Government Decides to Revoke Article 370 and 35A in J&K; Proposes Bifurcation of State into 2 UTs

  • The Central Government has decided to repeal Article 370 of the Constitution (except for Article 370 (1)) which grants special status to Jammu & Kashmir.
  • Government has also decided to do away with Article 35A which provide special rights and privileges to the permanent residents of the state and defines permanent residents.
  • It has also been decided to bifurcate the state into two Union territories comprising of Jammu and Kashmir, which will have a legislature, and Ladakh, which will be without a legislature.
  • This announcement was made by Home Minister Amit Shah in the Rajya Sabha on August 5, 2019.

How Government Scrapped Article 370 without the Need of Amendment Bill

  • In order to scrap the Article 370, government would have required a constitutional amendment bill under Article 368, and would have needed the approval by the state legislature.
  • So, the government made use of its powers granted under Article 370(3) to cleverly bypass the amendment route and make special status inoperative in J&K.

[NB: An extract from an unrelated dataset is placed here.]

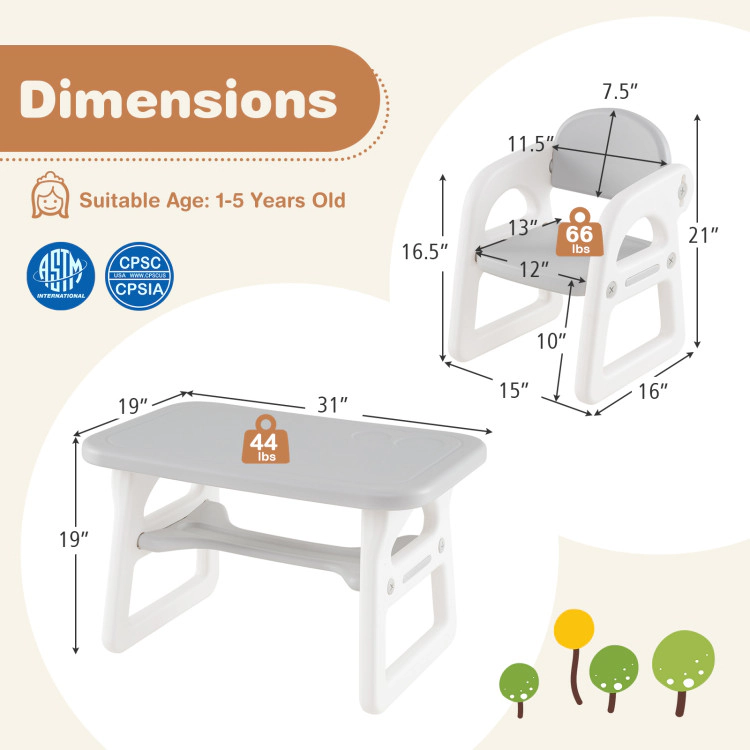 Hivvago Kids Table And Chair Set With Building Blocks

Article 370(3) reads, “Notwithstanding anything in the foregoing provisions of this article, the President may, by public notification, declare that this article shall cease to be operative or shall be operative only with such exceptions and modifications and from such date as he may specify”

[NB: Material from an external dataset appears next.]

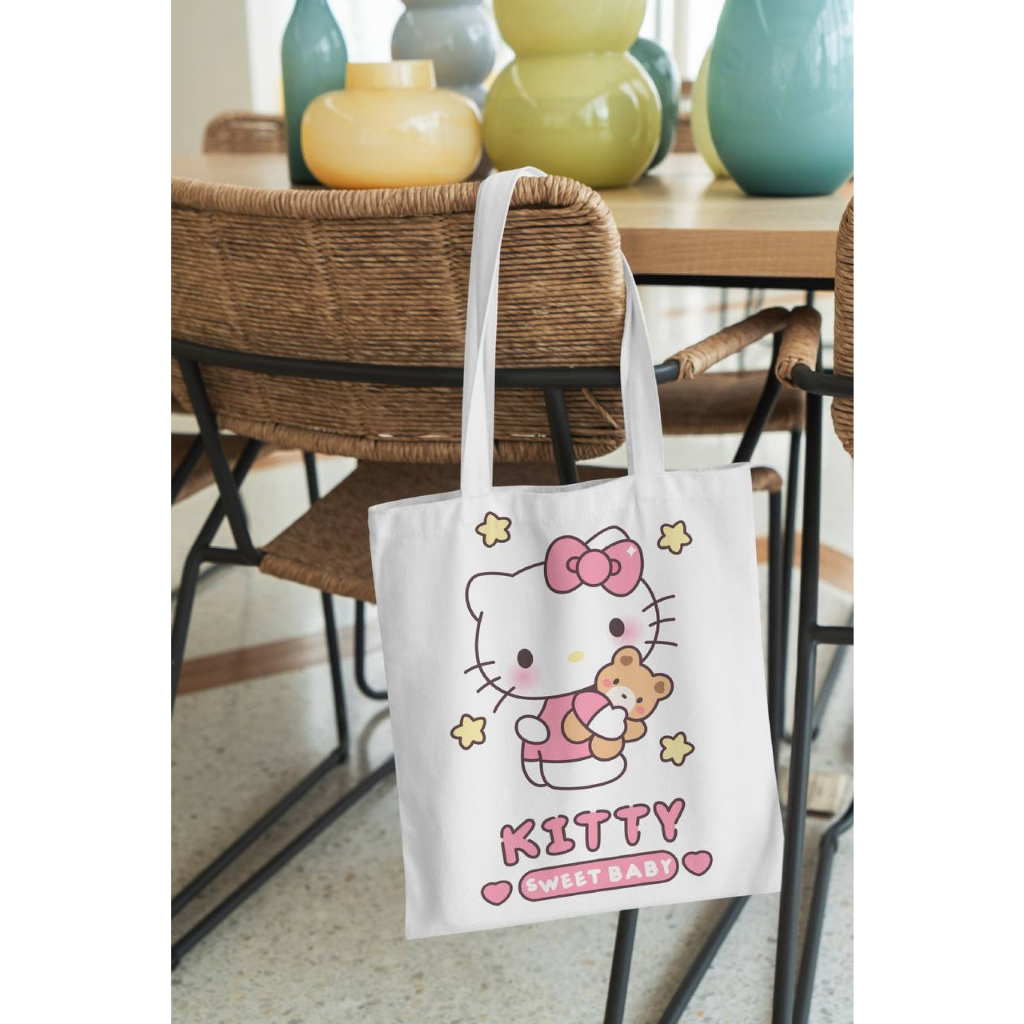 TAS TOTE BAG LOTSO CINNAMOROLL KUROMI MELODY POMPOMPURIN HELLO KITTY POCHACCO DOG TOY STORY TAS BELANJA TAS KANVAS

Before and After Outcome of Scrapping Article 370 and 35A of the Constitution

  • Article 370 provided Jammu and Kashmir its own constitution and decision-making rights for all matters except defence, communications and foreign affairs.
  • The Central government was not allowed to introduce any policies, constitutional powers or any kind of internal emergency in the state without prior consultation with the state government unless in case of war or aggression from an external entity.
  • The removal of this Article ceases the separate constitution of Jammu and Kashmir and suspends the clause that allowed all laws to be first be ratified by the state assembly. No other clause other than Article 370 (1) of the Constitution will apply.

370 (1) gives some special rights to the citizens of the state which can be abolished only with the approval of the President.

  • Article 35A will also cease to operate. Now the Kashmiri women, who marry a non-Kashmiri, and their children would no longer lose their right of inheritance. 
  • The non-residents of the state would be able to
    • Apply in jobs and education in Jammu and Kashmir.
    • Purchase land and own property in the state.